Years worked at company
#Years worked at company
ggplot(hr_cleaned,aes(x=years_at_company))+
geom_histogram()+
labs(title = "Distribution of Years Worked at Company",
subtitle = "A right-skewed distribution shows most employees have worked for very few years",
x = "Years at Company", y="Number of People")+
theme_igray()+
theme(title = element_text(size =12,face = "bold"),
axis.title.x = element_text(size = 10),
axis.title.y = element_text(size = 10, angle = 90))

Monthly income
#monthly income
ggplot(hr_cleaned,aes(x=monthly_income))+
geom_histogram()+
labs(title="Distribution of Monthly Income",
subtitle = "Right-skewed distribution : most people are paid less",
x="Monthly Income", y="Number of People")+
theme_igray()+
theme(title = element_text(size =12,face = "bold"),
axis.title.x = element_text(size = 10),
axis.title.y = element_text(size = 10, angle = 90))

Years since last promotion
#Years since last promotion
ggplot(hr_cleaned,aes(x=years_since_last_promotion))+
geom_histogram()+
labs(title="Distribution of Years since Last Promotion",
subtitle = "Most number of people have not yet been promoted",
x="Years since Last Promotion",
y="Number of People")+
theme_igray()+
theme(title = element_text(size =12,face = "bold"),
axis.title.x = element_text(size = 10),
axis.title.y = element_text(size = 10, angle = 90))

Job satisfaction
p1<- hr_cleaned %>%
group_by(job_satisfaction)%>%
summarise(n=n())%>%
mutate(prop=n/sum(n),
job_satisfaction = fct_relevel(job_satisfaction,"Very High", "High", "Medium", "Low"))
#job satisfaction
ggplot(p1, aes(x="",y=prop, fill = job_satisfaction))+
geom_bar(stat="identity",width =1)+
coord_polar("y", start =0)+
labs(title = "Proportions of Job Satisfaction",
subtitle = "The majority of people have high job satisfactions")+
scale_fill_grey()+
theme(title = element_text (size = 12),
axis.text.x = element_blank(),
axis.title.x = element_blank(),
axis.title.y = element_blank())

Relationship between variables
Income by gender
ggplot(hr_cleaned, aes(x=reorder(gender,-monthly_income),y=monthly_income))+
geom_boxplot()+
labs(title = "Boxplot of Monthly Income for Men and Women",
subtitle = "Both genders have almost equal income distribution",
x = "Gender", y="Monthly Income")+
theme_igray()

Are we progressing toward equal pay between the two genders?

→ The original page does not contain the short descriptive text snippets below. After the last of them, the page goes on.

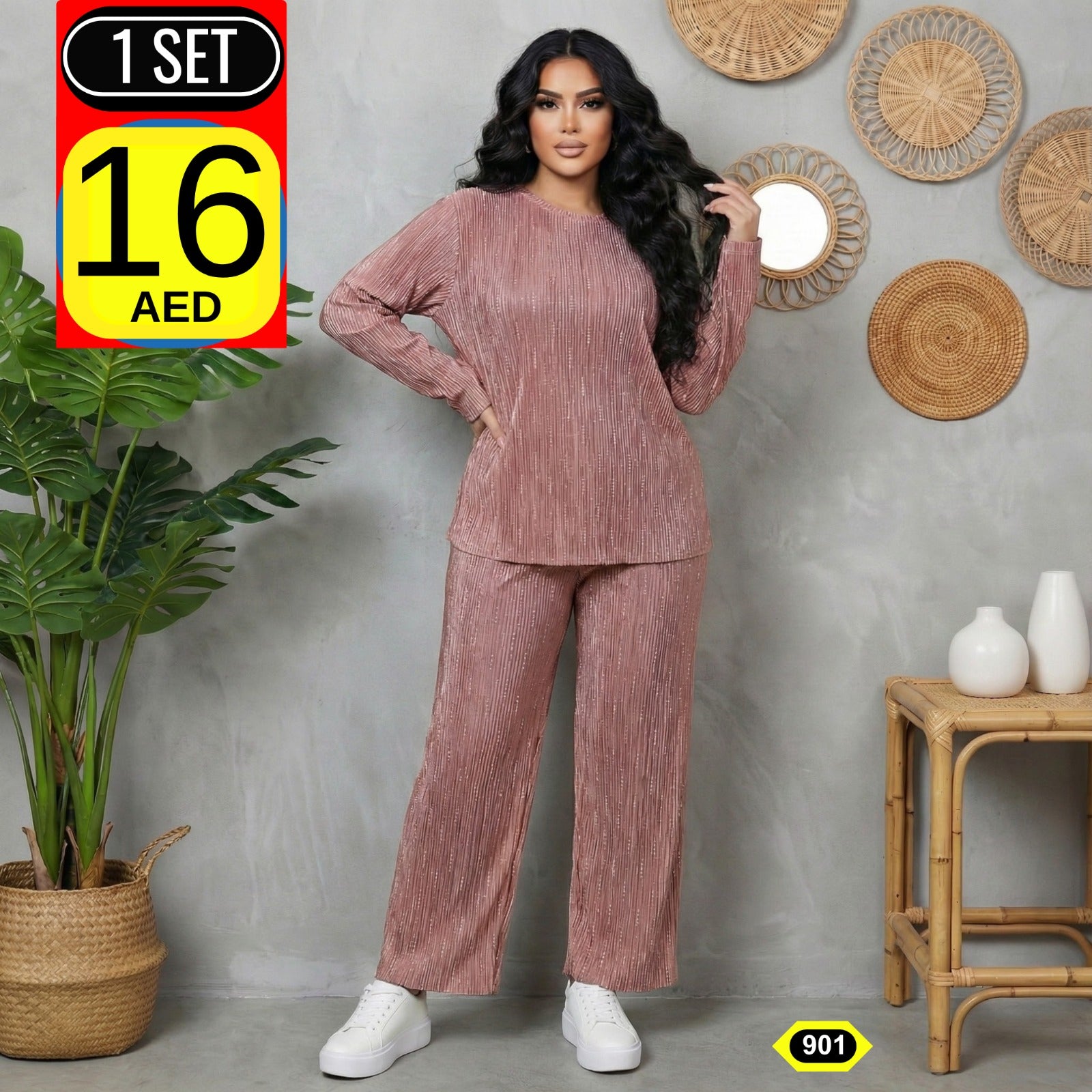 Women’s Ribbed Two-Piece Set – TSD901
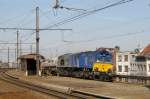 ERS 6611 passes through Antwerpen-Dam on 13 March 2011.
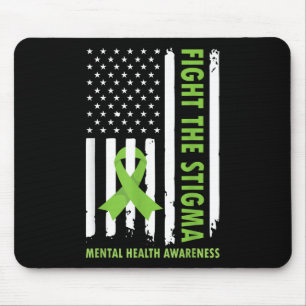 Bekämpfung des Stigma-US-Flaggen - Bewusstsein für Mousepad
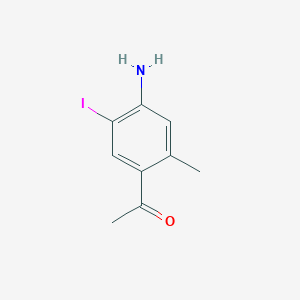 1-(4-Amino-5-iodo-2-methylphenyl)ethan-1-one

Perhaps. The graph shows that men and women have almost the same income distribution in the form of a boxplot.But men seem to have more outliers that are greater than 1.5*IQR.
Monthly income by job role
ggplot(hr_cleaned, aes(x=reorder(job_role,-monthly_income),y=monthly_income))+
geom_boxplot()+
labs(title = "Boxplot of Monthly Income for Each Job Role",
subtitle = "Managers earn the highest income, while sales representatives earn the lowest ",
x = "Job Roles", y="Monthly Income")+
theme_igray()+
theme(axis.text.x = element_text(angle = 30, size = 5))

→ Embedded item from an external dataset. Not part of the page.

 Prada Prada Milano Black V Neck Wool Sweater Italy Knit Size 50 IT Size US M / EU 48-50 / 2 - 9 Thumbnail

Monthly income can greatly vary from one job role to another. Looking at the boxplot below, managers and research directors earn the highest income, while lab technicians and sales representatives tend to be on the low end. However, for job roles that are located on the lower end, there are several outliers who earn much more than the median income level.
Income faceted by education level
ggplot(hr_cleaned, aes(x=monthly_income))+
geom_histogram()+
facet_wrap(~education)+
theme_igray()+
labs(title = "Distribution of Income by Education Level",
subtitle = "All education levels follow a right-skewed distribution",
x= "Monthly Income", y = "Number of People")+
theme(axis.text.x = element_text(angle = 30, size = 5))

We can see that doctors have the least number of people. Almost all education levels follow a right-skewed distribution, meaning that regardless of their education level, the majority of them still earn less income below 100,000.
Income vs. Age, faceted by Job role
ggplot(hr_cleaned, aes(x=age, y=monthly_income))+
geom_bar(stat = "identity")+
facet_wrap(~job_role)+
theme_igray()+
labs(title = "Distribution of Income by Age",
subtitle = "Managers tend to be older",
x= "Age", y = "Income")

Managers and research directors tend to be older, as they exhibit left-skewed distributions.